Large accelerated filer |
☒ |
Accelerated filer |
☐ | |||
Non-accelerated filer | ☐ | Smaller reporting company | ☐ | |||
Emerging growth company | ☐ |
If an emerging growth company, indicate by check mark if the registrant has elected not to use the extended transition period for complying with any new or revised financial accounting standards provided pursuant to Section 7(a)(2)(B) of the Securities Act. ☐
EXPLANATORY NOTE
Hanesbrands Inc. (the “Registrant”) filed registration statements on Form S-8 with the Securities and Exchange Commission (the “SEC”) on May 8, 2020 (File No. 333-238100) and May 3, 2023 (File No. 333-271608) (the “Prior Registration Statements”) to register under the Securities Act of 1933, as amended (the “Securities Act”) shares of the Registrant’s common stock, par value $0.01 per share (the “Common Stock”), issuable pursuant to the Hanesbrands Inc. 2020 Omnibus Incentive Plan (as amended, the “2020 Plan”), which first became effective upon the approval by the Registrant’s stockholders on April 28, 2020 and was subsequently amended to increase the number of shares of Common Stock issuable thereunder effective April 24, 2023.

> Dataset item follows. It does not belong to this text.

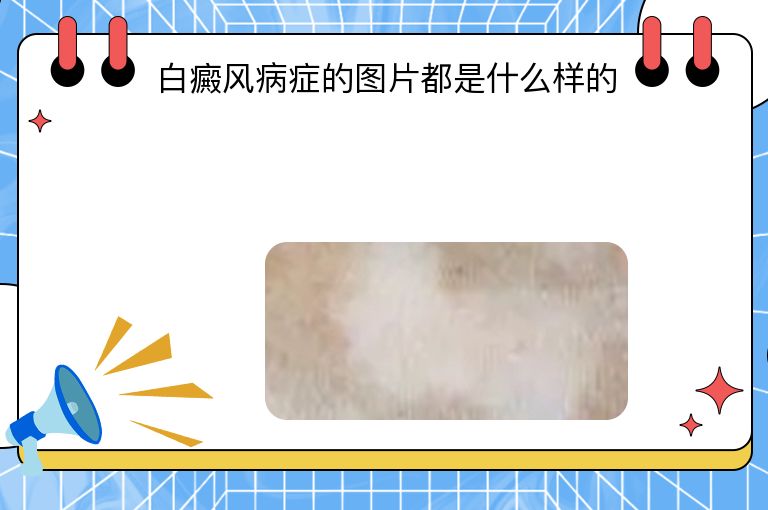https://www.bdfsjzyy.com/d/file/p/4348dabd49995bea88d05b704be8dcb5.jpeg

On April 29, 2025, the stockholders of the Registrant approved a second amendment to the 2020 Plan, effective April 29, 2025. The Registrant is filing this registration statement on Form S-8 (the “Registration Statement”) pursuant to and in accordance with General Instruction E of Form S-8 to register an additional 16,210,000 shares of Common Stock that may be issued pursuant to the 2020 Plan. Pursuant to General Instruction E of Form S-8, this Registration Statement incorporates by reference the contents of the Prior Registration Statements, including all attachments and exhibits thereto, except to the extent supplemented, amended or superseded by the information set forth herein.
PART I
INFORMATION REQUIRED IN THE SECTION 10(a) PROSPECTUS
Information required by Part I of Form S-8 to be contained in the Section 10(a) prospectus is omitted from this registration statement in accordance with Rule 428 under the Securities Act, and the Introductory Note to Part I of Form S-8. The documents containing the information specified in Part I will be delivered to the participants in the plans covered by this registration statement as required by Rule 428(b).
PART II
INFORMATION REQUIRED IN THE REGISTRATION STATEMENT
Item 3. Incorporation of Documents by Reference.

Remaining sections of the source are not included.